Clause 26. The method of clause 24 or clause 25, wherein the current video block is inside a current video unit, the current video unit comprising one of: a picture, a slice, a tile, a sub-picture, or a coding unit.

Clause 27. The method of any of clauses 24-26, wherein a coding mode of the BV candidate comprises one of: a regular intra block copy (IBC) advanced motion vector prediction (AMVP) mode, a regular IBC merge mode, an IBC-template matching (TM) AMVP mode, an IBC-TM merge mode, an IBC merge mode with block vector differences (IBC-MBVD) mode, a reconstruction-reordered IBC (RR-IBC) AMVP mode, an RR-IBC merge mode, or an intra template matching prediction (TMP) mode.

Clause 28. The method of clause 27, wherein the coding mode of the BV candidate is the regular IBC AMVP mode, and the BV candidate comprises at least one of: an IBC AMVP candidate, an IBC hash-based searching point, or an IBC block matching based local searching point.
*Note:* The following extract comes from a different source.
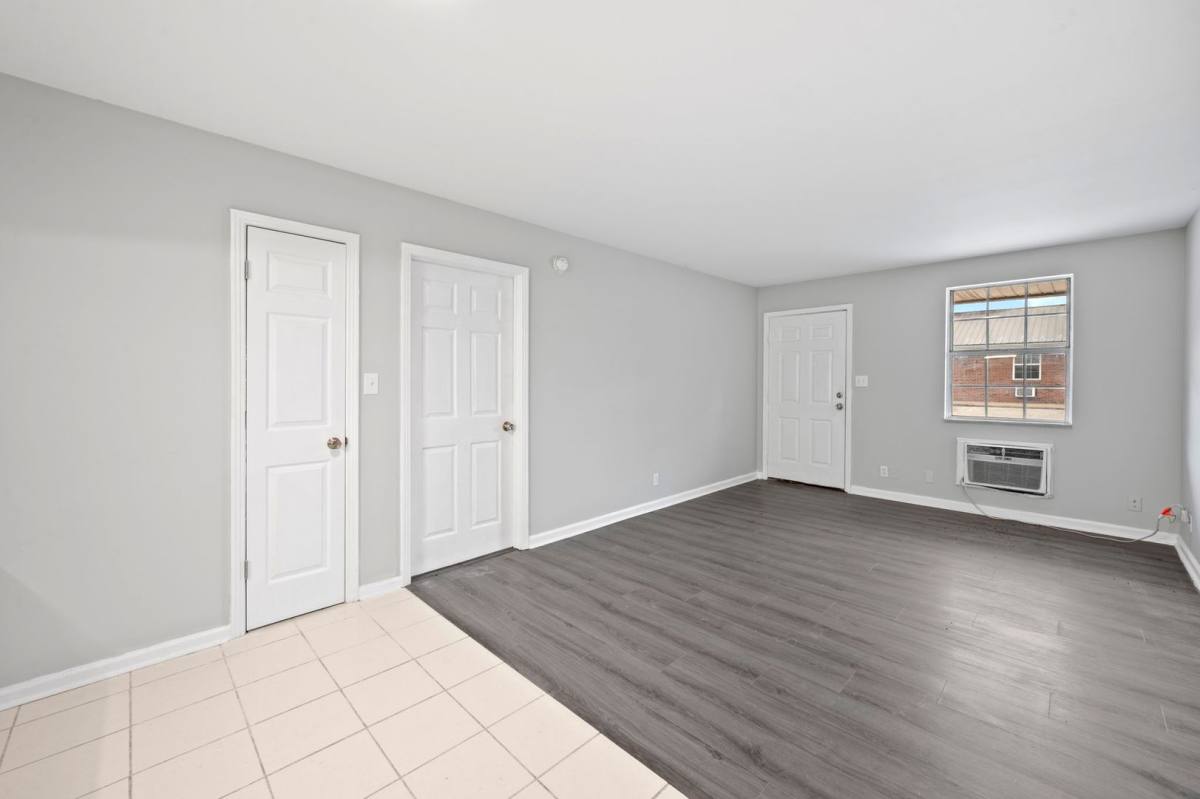 Apartment for rent at 105 Walnut St, Clarksville, TN 37042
Clause 29. The method of clause 27, wherein the coding mode of the BV candidate is the regular IBC merge mode, and the BV candidate comprises an IBC merge candidate.

Clause 30. The method of clause 27, wherein the coding mode of the BV candidate is the IBC-TM AMVP mode, and the BV candidate comprises at least one of: an IBC-TM AMVP candidate, an IBC-TM AMVP refined candidate during a template matching process, an IBC hash-based searching point, or an IBC block matching based local searching point.

Clause 31. The method of clause 27, wherein the coding mode of the BV candidate is the IBC-TM merge mode, and the BV candidate comprises an IBC-TM merge candidate.

Clause 32. The method of clause 27, wherein the coding mode of the BV candidate is the IBC-MBVD mode, and the BV candidate comprises at least one of: a base BV candidate or an MBVD candidate.

Clause 33. The method of clause 32, wherein the MBVD candidate is determined based on the base BV candidate and a block vector difference (BVD) .

Clause 34. The method of clause 27, wherein the coding mode of the BV candidate is the RR-IBC AMVP mode, and the BV candidate comprises at least one of: an RR-IBC AMVP candidate, an RR-IBC hash-based searching point, or an RR-IBC block matching based local searching point.

Clause 35. The method of clause 27, wherein the coding mode of the BV candidate is the RR-IBC merge mode, and the BV candidate comprises an RR-IBC merge candidate.

Clause 36. The method of clause 27, wherein the coding mode of the BV candidate is the intra TMP merge mode, and the BV candidate comprises an intra TMP searching point.

Clause 37. The method of any of clauses 24-36, further comprising: determining the at least one unreconstructed sample of the reference block based on at least one prediction sample of the current video block.

Clause 38. The method of clause 37, wherein the current video block is coded with at least one of: an intra block copy (IBC) mode, an intra template matching prediction (TMP) mode, or a non-reconstruction-reordered IBC (non-RR-IBC) mode.

Clause 39. The method of clause 38, wherein a flip type of the current video block coded with the non-RR-IBC mode is a no flip type.

Clause 40. The method of any of clauses 37-39, wherein the BV candidate satisfies at least one of: a first condition that a horizontal component of the BV candidate is smaller than or equal to a threshold value, a second condition that a vertical component of the BV candidate is smaller than or equal to a threshold value, a third condition that the horizontal component of the BV candidate is larger than a negative value of a width of a reconstructed region comprising the at least one reconstructed sample of the reference block, a fourth condition that the vertical component of the BV candidate is larger than a negative value of a height of the reconstructed region, a fifth condition that the BV candidate is a non-zero vector, or a sixth condition that a reference sample in a right-bottom position of the reference block is unreconstructed.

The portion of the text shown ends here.